Down the street we popped into a modern art gallery (check out artists : Bodor Lilua, Garami Richard, Nemeth Marcell), then onto the metro for a trip past Pest tourist central to a lovely fresh pasta restaurant I likely wouldn’t have found without the insider guidance of cs locals. I really can’t stress enough, even if you’re not the sort to have random people on your couch, the value of showing off your city to those who can’t possibly know it alone in the week or day they might have (and of course the same when you’re the traveller!). Not only did I get a great culture tour this morning, but I came away with piles of Budapest tips and Hungarian insight, word of the Nostalgia Exhibit (communist propaganda and the like) and the day they close a circuit of roads for rollerskating, and likely a teacher of Hungarian cooking (amusingly enough, an Austrian).
As the group split up for the afternoon, Thom and I decided to take advantage of the gorgous sun that had broken through to stroll down the riverside then along the island in the middle of the danube, eating cotton candy and laughing just a bit at the piles of people on bicycles build for two, or four. We cooled off with a beer at a lovely blue plastic table facing Buda, then split at the bridge where I headed for the train. Forty minutes later, eleven hours since departure, I arrived home smiling and exhausted in that I-just-had-a-fantastic-travel sort of way.

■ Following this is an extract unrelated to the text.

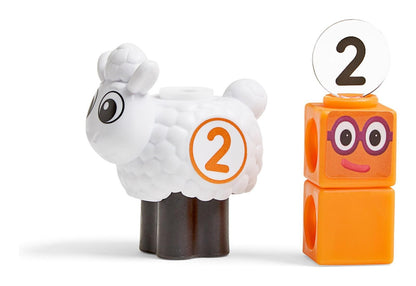 Numberblocks Sheep Farm Education Mathematics Activity Set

A little something I probably shouldn’t publicize : I inadvertantly paid for a grand total of none of my public transportation today. My HEV station doesn’t have a ticket office, so I have to buy on the train. This morning on the way in no conductor appeared. Hmm. On the first metro trip I bought a couple tickets as the car rolled in – the conductor literally handed my change through the door just before it closed. What I’d forgotten was that the punch machines are in fact not on the train but in the station, and as he hadn’t punched one at purchase I ended up with two ready to use tickets (well, provided there wasn’t a checker at the other end, which there wasn’t). On the way home I bought a ticket at the office (a steal at 430, considering a single ride no transfer ticket for the city is an outrageous 230) and watched others to see if/where to punch it. No one did, so I hung onto it, figuring there’d be a conductor. Yeah, there wasn’t one.